[Records shown Boundary: Start]

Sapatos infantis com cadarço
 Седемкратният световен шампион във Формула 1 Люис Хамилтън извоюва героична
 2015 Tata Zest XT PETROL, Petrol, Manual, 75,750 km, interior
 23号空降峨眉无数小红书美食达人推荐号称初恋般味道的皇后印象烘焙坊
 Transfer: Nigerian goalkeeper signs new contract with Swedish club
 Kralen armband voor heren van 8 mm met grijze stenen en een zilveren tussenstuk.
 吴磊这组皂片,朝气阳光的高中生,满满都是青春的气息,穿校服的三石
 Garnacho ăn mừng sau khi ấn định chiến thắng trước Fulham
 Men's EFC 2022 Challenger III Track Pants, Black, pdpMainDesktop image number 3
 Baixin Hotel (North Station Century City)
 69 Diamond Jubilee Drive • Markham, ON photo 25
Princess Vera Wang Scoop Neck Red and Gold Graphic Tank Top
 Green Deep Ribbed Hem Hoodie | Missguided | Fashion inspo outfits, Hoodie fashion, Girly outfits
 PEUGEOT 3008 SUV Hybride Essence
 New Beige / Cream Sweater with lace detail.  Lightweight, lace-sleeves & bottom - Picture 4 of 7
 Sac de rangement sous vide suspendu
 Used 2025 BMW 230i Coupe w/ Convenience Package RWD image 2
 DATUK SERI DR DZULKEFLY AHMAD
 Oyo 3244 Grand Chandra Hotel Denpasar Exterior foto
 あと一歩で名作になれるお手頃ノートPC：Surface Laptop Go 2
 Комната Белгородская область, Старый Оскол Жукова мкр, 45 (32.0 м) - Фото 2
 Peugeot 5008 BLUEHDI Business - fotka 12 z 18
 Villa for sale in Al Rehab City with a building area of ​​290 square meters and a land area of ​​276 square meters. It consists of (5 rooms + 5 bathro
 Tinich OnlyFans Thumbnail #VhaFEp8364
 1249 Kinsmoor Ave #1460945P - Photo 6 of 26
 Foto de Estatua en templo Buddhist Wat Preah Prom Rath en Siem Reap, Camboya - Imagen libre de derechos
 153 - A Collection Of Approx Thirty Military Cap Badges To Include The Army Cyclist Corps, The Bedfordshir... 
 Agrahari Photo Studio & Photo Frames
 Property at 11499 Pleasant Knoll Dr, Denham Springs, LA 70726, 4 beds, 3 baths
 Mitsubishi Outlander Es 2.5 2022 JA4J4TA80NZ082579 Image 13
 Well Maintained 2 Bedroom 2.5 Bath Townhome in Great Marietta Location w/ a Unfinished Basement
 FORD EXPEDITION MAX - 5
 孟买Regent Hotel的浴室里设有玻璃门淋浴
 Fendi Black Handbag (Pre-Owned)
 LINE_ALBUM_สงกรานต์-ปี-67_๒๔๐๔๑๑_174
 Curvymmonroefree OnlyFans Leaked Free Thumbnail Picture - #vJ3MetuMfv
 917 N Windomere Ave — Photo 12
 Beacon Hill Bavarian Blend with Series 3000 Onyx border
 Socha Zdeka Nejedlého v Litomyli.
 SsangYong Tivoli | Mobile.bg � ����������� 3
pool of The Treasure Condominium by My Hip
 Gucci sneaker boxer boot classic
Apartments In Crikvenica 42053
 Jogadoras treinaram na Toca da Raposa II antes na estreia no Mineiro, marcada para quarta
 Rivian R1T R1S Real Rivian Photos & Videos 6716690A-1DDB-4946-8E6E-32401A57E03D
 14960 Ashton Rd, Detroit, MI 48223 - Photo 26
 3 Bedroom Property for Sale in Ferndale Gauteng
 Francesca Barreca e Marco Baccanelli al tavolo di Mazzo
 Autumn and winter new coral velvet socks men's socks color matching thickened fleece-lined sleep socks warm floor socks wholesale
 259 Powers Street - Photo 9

[Records shown Boundary: End]

Identify the lines above that contain the word "Black", then copy them.

- [Exercise solution]:
 Men's EFC 2022 Challenger III Track Pants, Black, pdpMainDesktop image number 3
 Fendi Black Handbag (Pre-Owned)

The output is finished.